What is required |
If a line below falls between the line with "bride and bridesmaids bouquet" and the line with "光辉岁月吉他谱 C调附视频_小磊吉他教室编配_Beyond", or is one of those two, output it exactly; output nothing else and no pictures.

Information given |
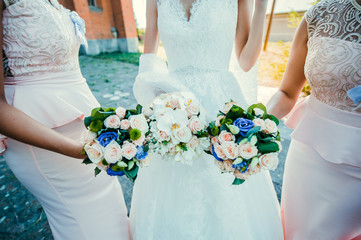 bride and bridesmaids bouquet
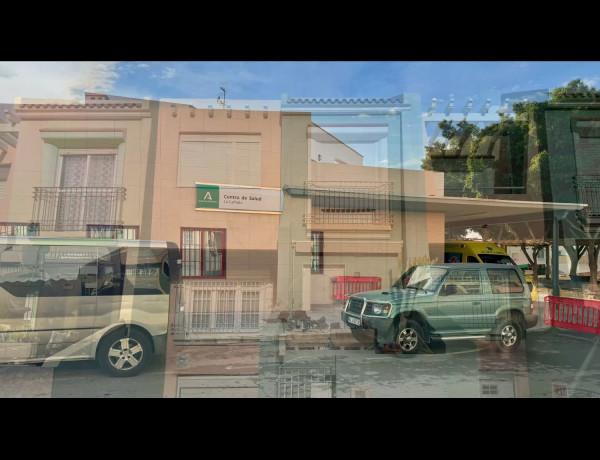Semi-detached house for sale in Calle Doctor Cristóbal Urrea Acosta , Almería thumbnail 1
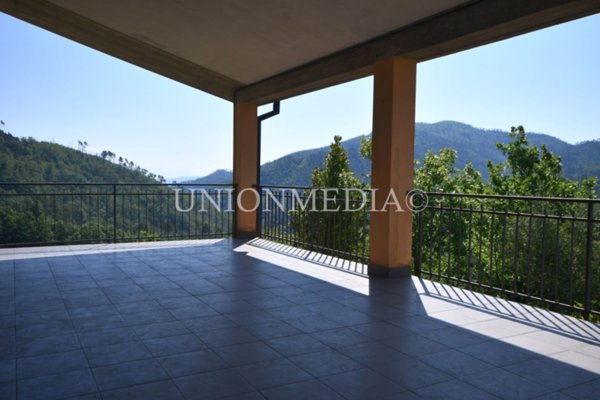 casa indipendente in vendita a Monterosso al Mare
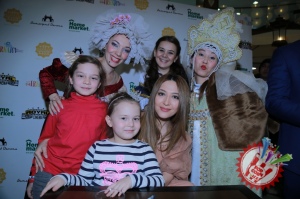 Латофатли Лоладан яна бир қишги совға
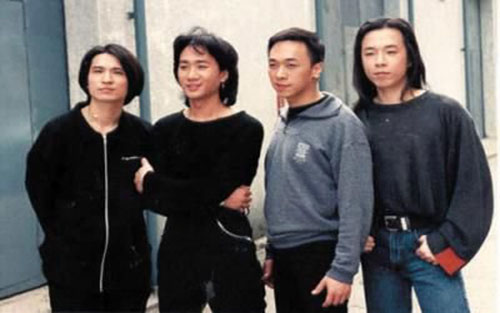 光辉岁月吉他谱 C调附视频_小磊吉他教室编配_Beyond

...

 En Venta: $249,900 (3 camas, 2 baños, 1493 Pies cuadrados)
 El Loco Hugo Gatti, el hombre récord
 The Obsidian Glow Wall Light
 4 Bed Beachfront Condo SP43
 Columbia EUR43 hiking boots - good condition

* * *

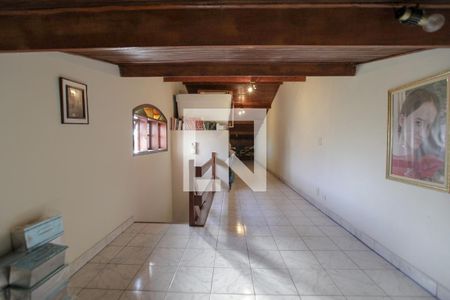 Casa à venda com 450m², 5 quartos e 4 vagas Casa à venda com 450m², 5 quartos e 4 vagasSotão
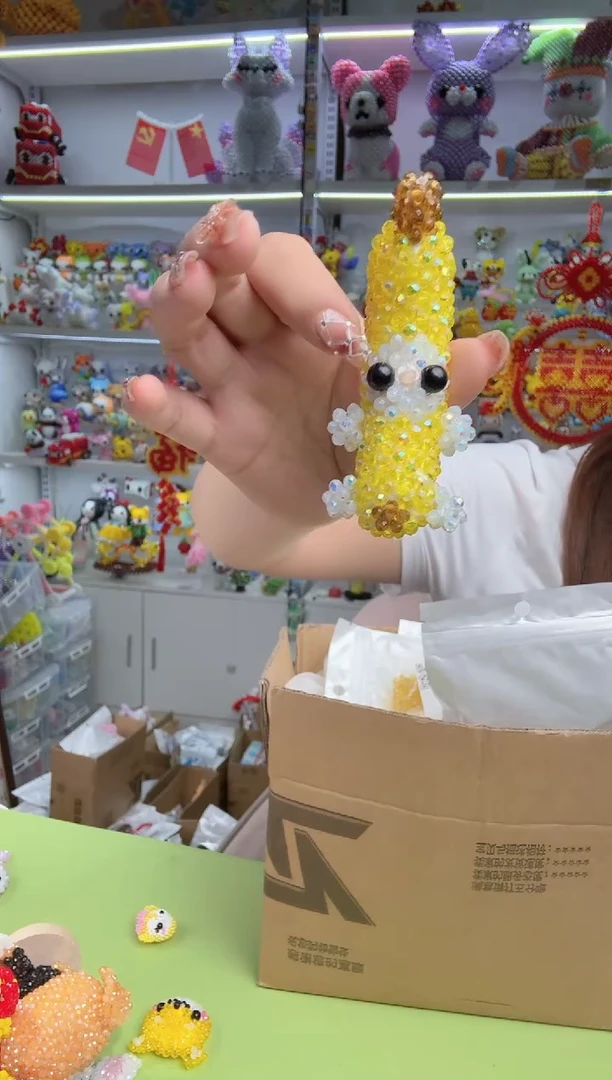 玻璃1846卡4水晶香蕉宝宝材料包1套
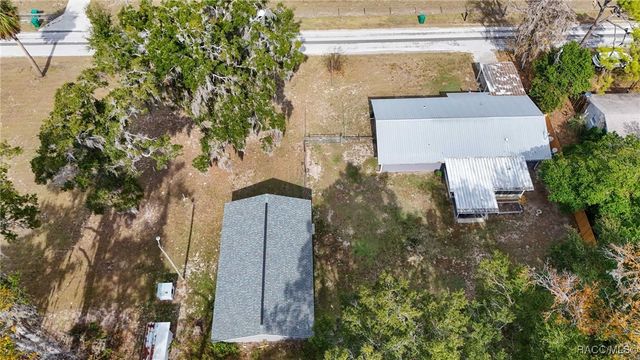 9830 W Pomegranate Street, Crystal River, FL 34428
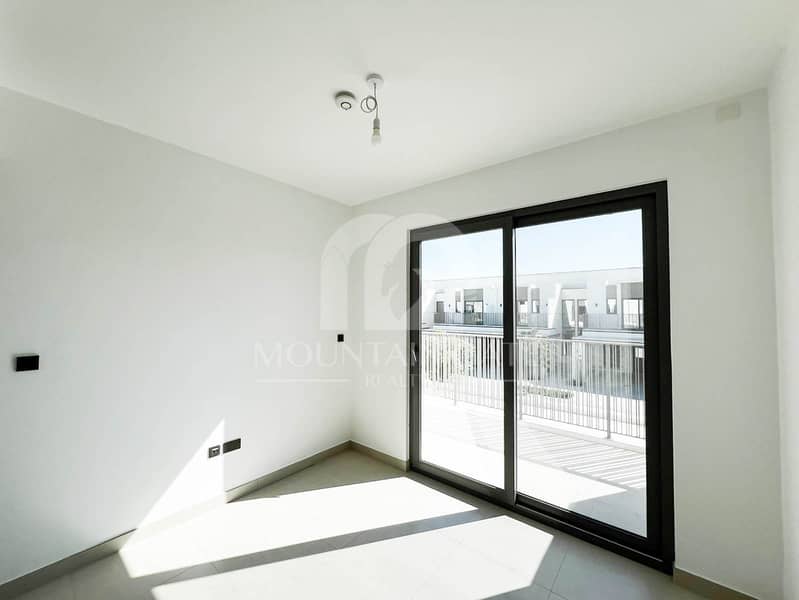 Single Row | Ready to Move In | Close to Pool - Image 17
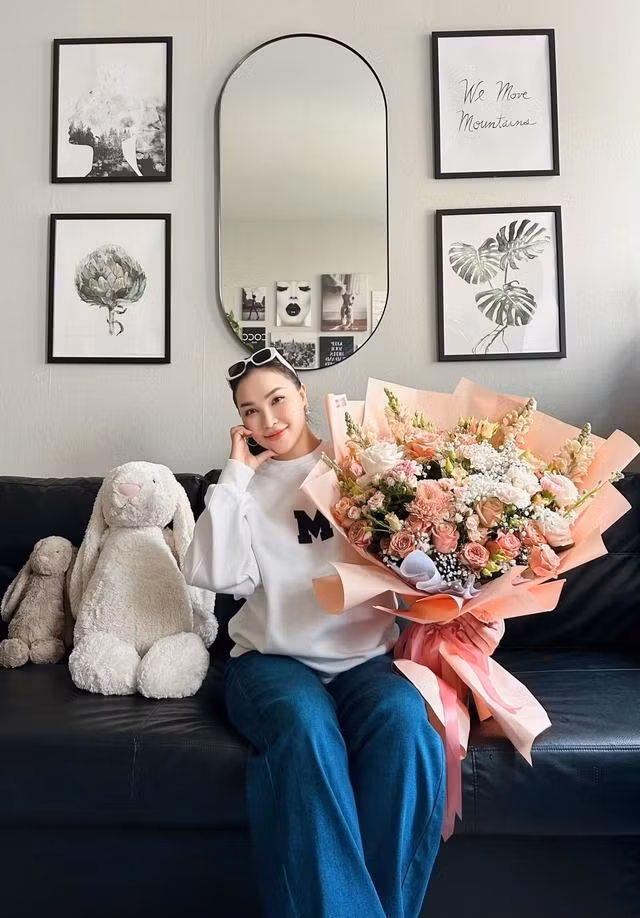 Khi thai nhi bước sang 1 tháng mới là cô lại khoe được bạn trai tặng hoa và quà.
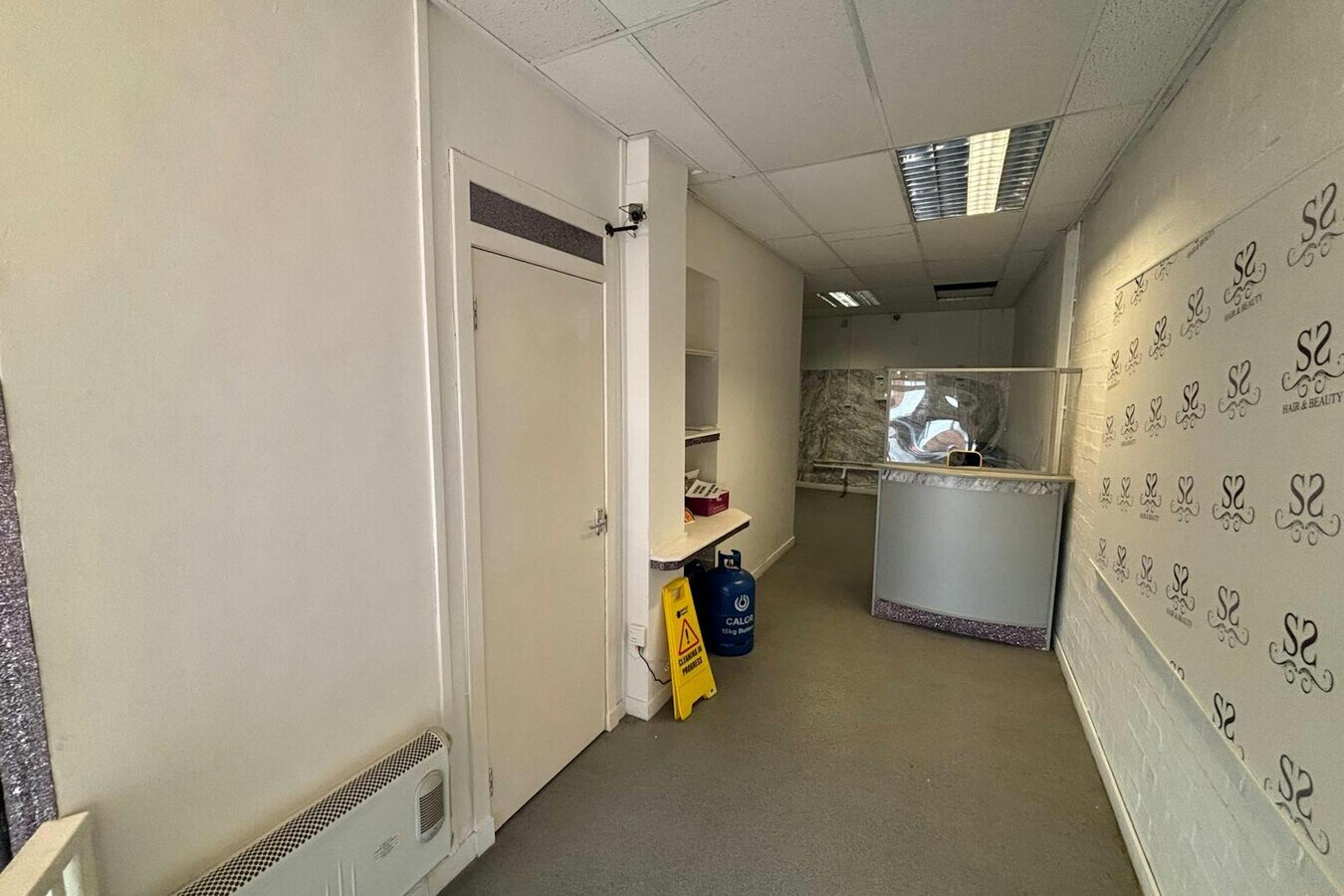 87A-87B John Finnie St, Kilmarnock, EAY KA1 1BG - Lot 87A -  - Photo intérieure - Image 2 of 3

Answer |
 bride and bridesmaids bouquet
Semi-detached house for sale in Calle Doctor Cristóbal Urrea Acosta , Almería thumbnail 1
 casa indipendente in vendita a Monterosso al Mare
 Латофатли Лоладан яна бир қишги совға
 光辉岁月吉他谱 C调附视频_小磊吉他教室编配_Beyond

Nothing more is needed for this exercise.